§ Supplied material
-*-*-
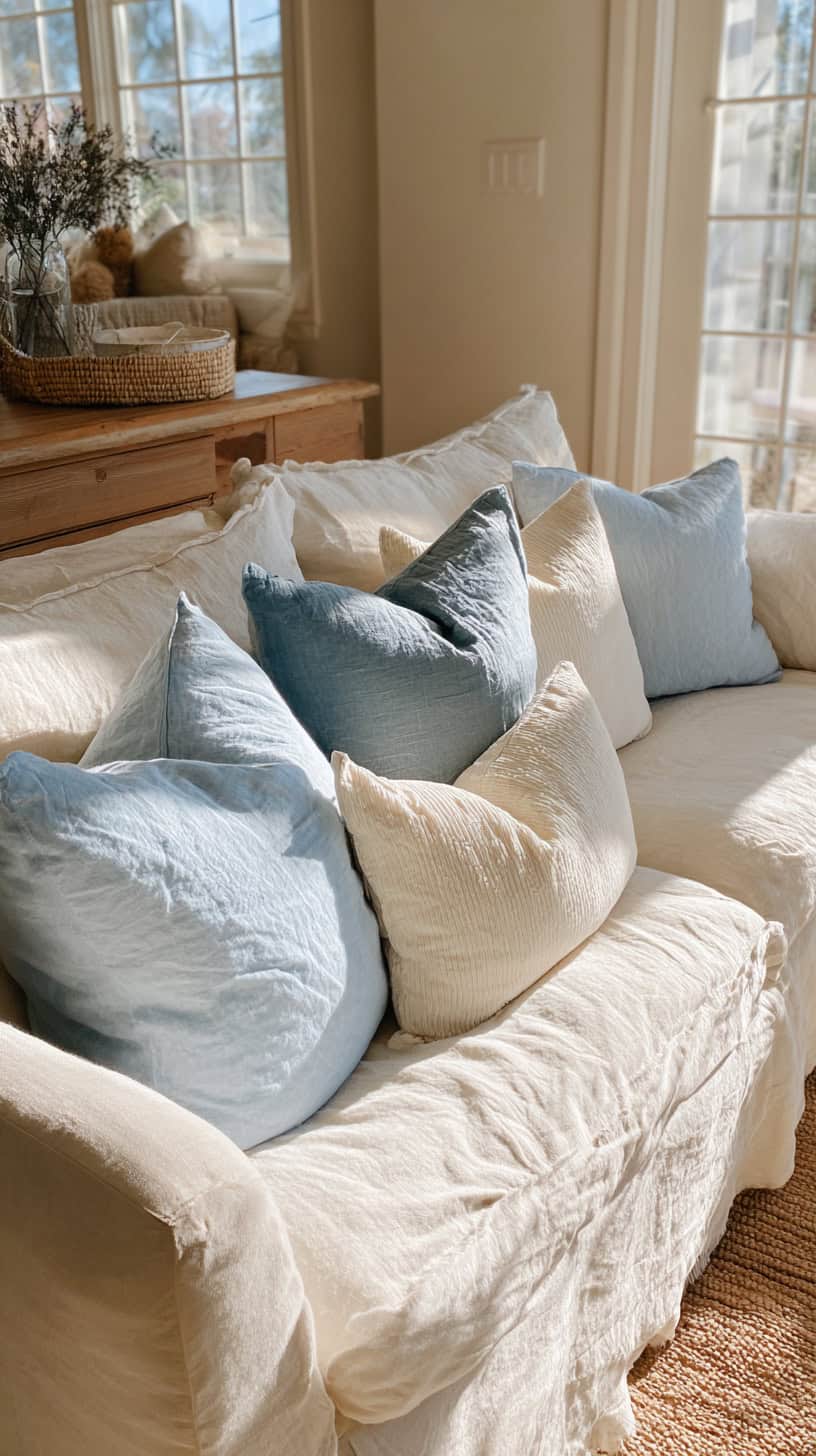 Soft Blue Throw Pillows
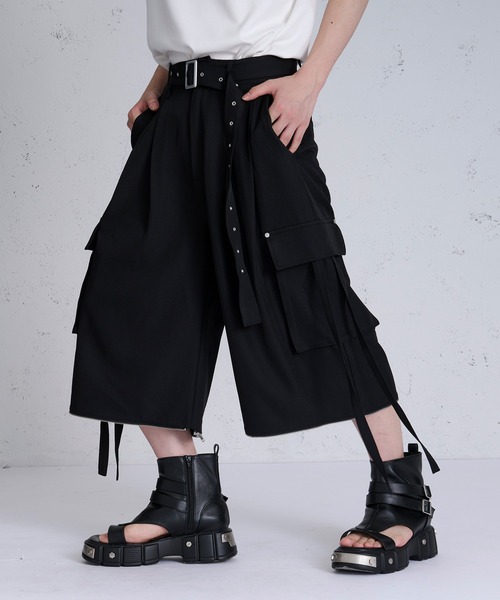 狐独（コドク）の「【狐独】2wayハカマコードカーゴスラックス（カーゴパンツ・メンズ・ブラック・SMALL/LARGE/MEDIUM）」の17枚目の写真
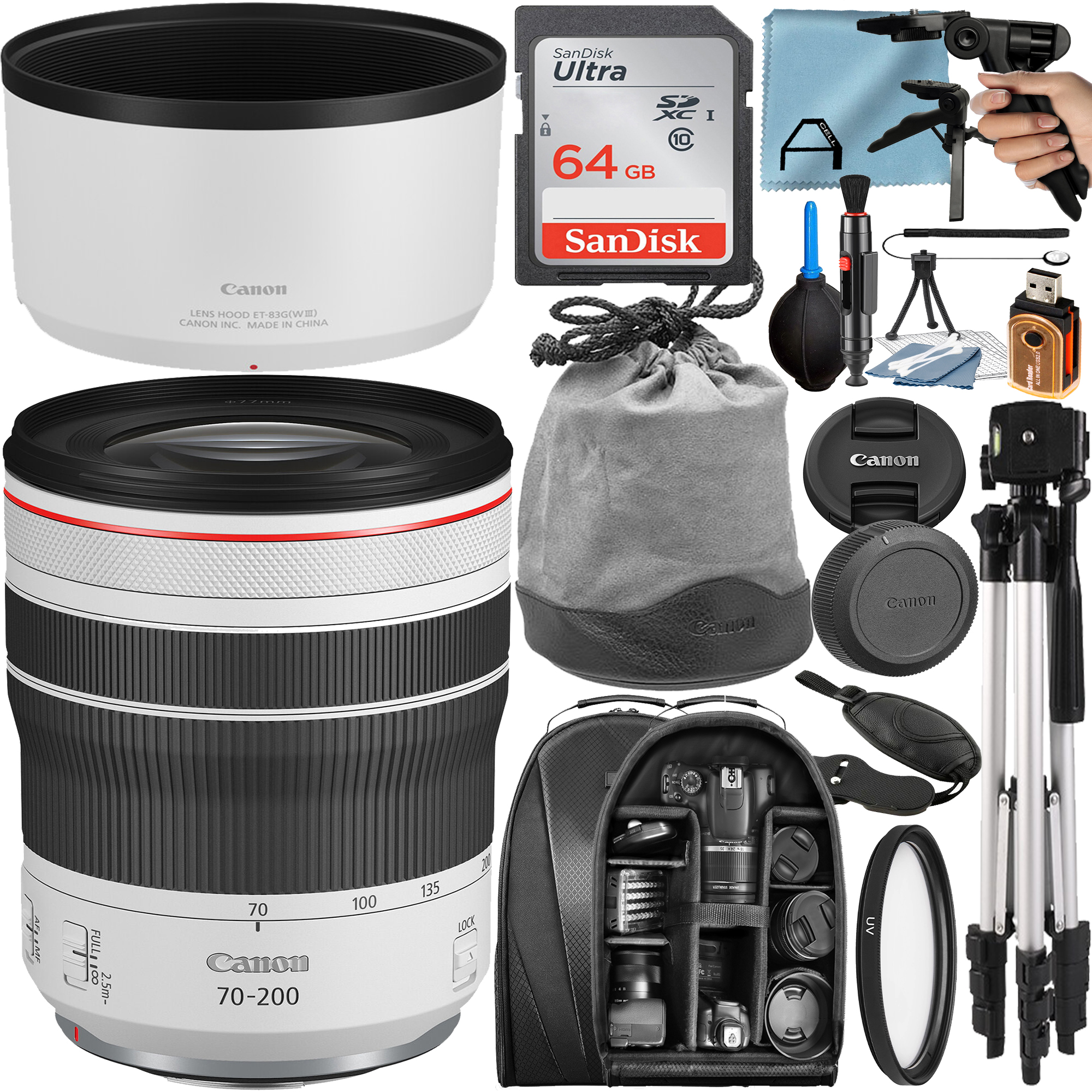 Canon RF 70-200mm F/4L IS USM Telephoto Zoom Lens with 64GB SanDisk Memory Card + Tripod + Backpack + A-Cell Accessory Bundle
-*-*-
§ Exercise instructions
Without the pictures, write out the listing exactly as it appears above.

§ Exercise solution
 Soft Blue Throw Pillows
 狐独（コドク）の「【狐独】2wayハカマコードカーゴスラックス（カーゴパンツ・メンズ・ブラック・SMALL/LARGE/MEDIUM）」の17枚目の写真
 Canon RF 70-200mm F/4L IS USM Telephoto Zoom Lens with 64GB SanDisk Memory Card + Tripod + Backpack + A-Cell Accessory Bundle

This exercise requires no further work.